• TASK BRIEF
Start at the line with "- Refinery29 Australia" in the records below, stop at the line with "Cute LOFT Necklace! - Picture 10 of 10", and return every line in that span exactly, the two end lines included.

• RECORDS FOR THE EXERCISE
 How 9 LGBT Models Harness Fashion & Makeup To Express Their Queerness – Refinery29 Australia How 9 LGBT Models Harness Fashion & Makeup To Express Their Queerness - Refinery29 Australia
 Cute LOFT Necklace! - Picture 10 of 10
--
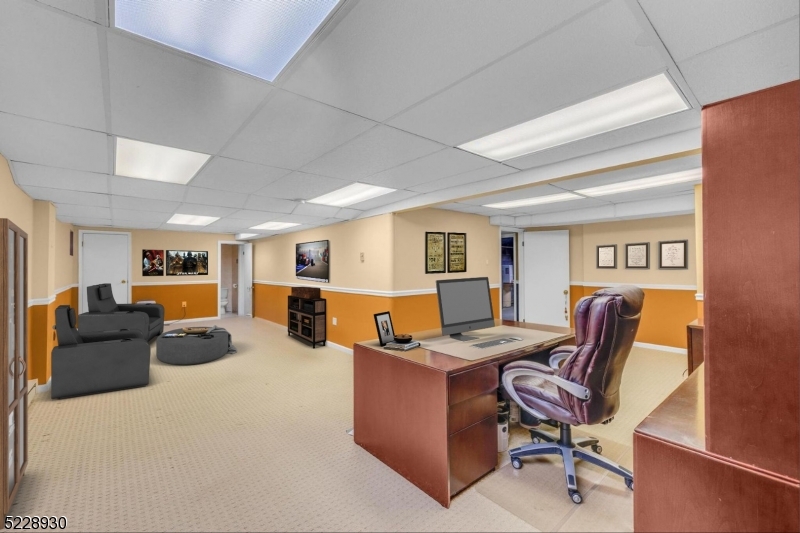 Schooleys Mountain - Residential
...
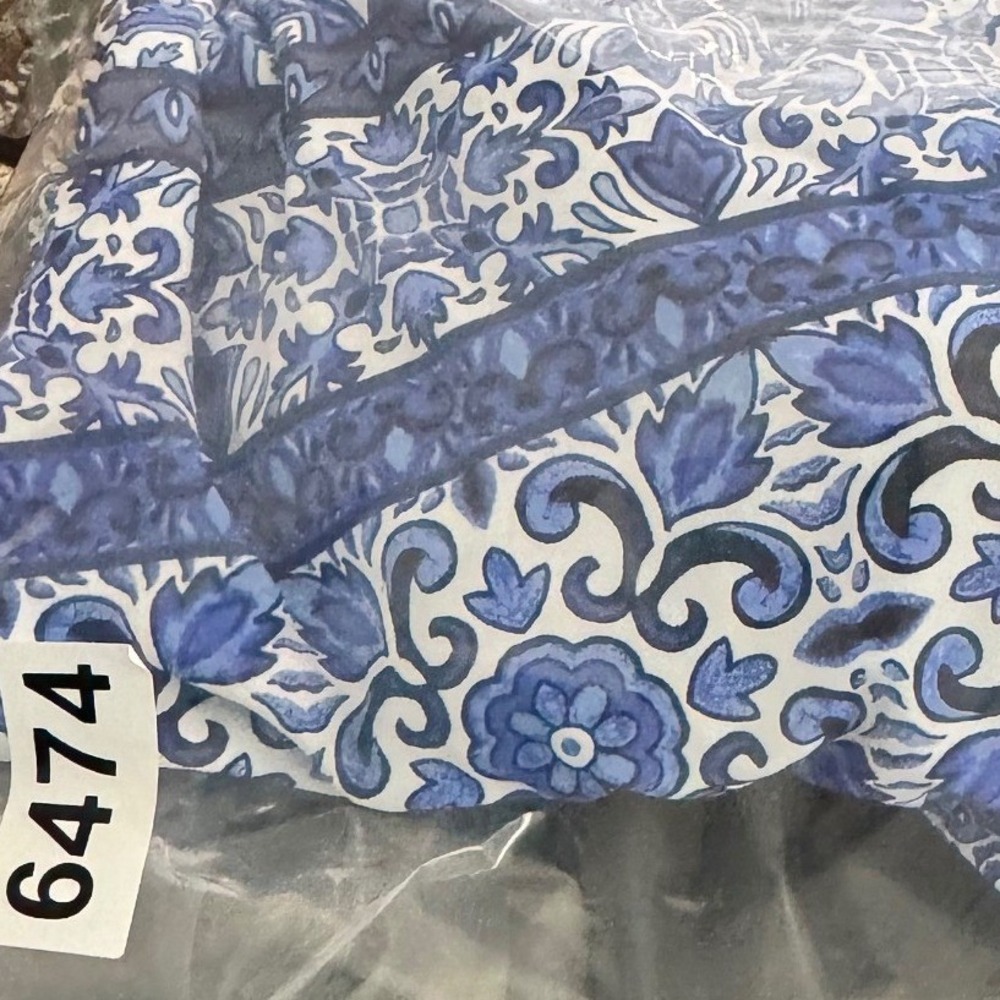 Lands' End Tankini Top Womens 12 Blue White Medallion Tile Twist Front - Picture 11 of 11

• SOLUTION FOR THIS EXERCISE
 How 9 LGBT Models Harness Fashion & Makeup To Express Their Queerness – Refinery29 Australia How 9 LGBT Models Harness Fashion & Makeup To Express Their Queerness - Refinery29 Australia
 Cute LOFT Necklace! - Picture 10 of 10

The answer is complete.